東海道筋の211系は今春に撤退、9月から高崎セにも211系代替のE233系3000番台が投入されはじめている。国鉄最後の近郊形グリーン車の姿を見られるのもあとわずかだ。

1981年に登場した185系は、実態はともかく名目は特急形電車であり、こちらも塗装規定改正後ということでグリーン車サロ185も当初は斜めストライプ(0番台) または緑の腰帯(200番台) だった。
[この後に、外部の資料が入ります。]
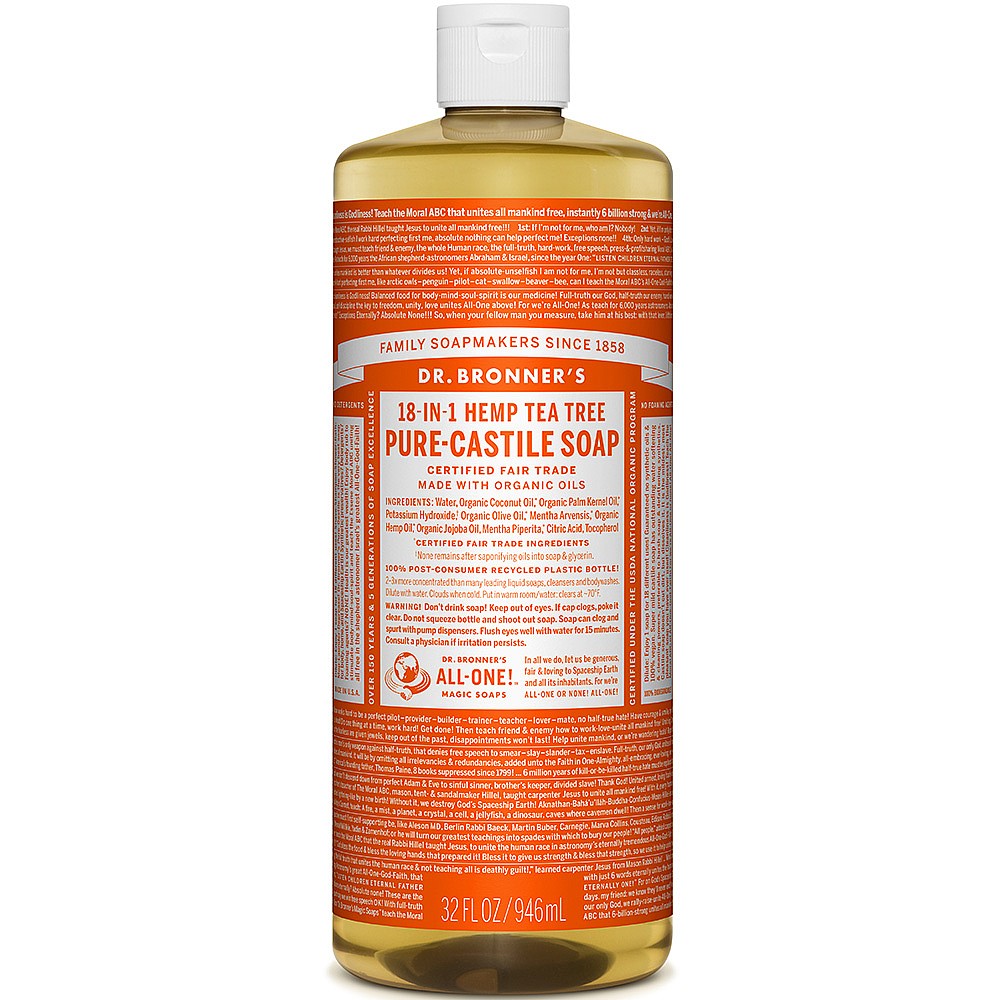 Dr Bronner's Tea Tree Castile Liquid Soap 946ml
2010年、特急〔草津〕が前身の準急〔草津〕登場から50周年になるのを記念して、大宮総合車両センター所属のOM03編成が、開始当初使用した80系電車を模した姿に変身、現在も同塗装を維持している。
おなじ非貫通形とはいえアクの強い顔立ちに「金太郎塗り」をほどこした前面は好みの分かれるところだが、側面はどうしてなかなかいい感じではないか。現在も開閉可能な側窓のアルミ銀枠が、湘南色の渋い色調とほどよく合っている。

サロ185-206

サロ185-206

  • 高崎線 籠原→熊谷(タ) 2011-8
  • D700, AF-S Nikkor ED 80-200mm F2.8D, ISO400

80系は準急形として登場したから、リバイバルとなるこの編成のサロにもグリーン帯がつけられた。185系にとって、いや特急形電車としてはじめて「グリーン帯」を身にまとった車両と思われる。国鉄色リバイバル車両は各地に存在するものの、当時グリーン車だったものはもはや残っていない。正式な復刻とは少し違うけれど、急行電車の全盛期をしのばせてくれるという意味で貴重な1両である。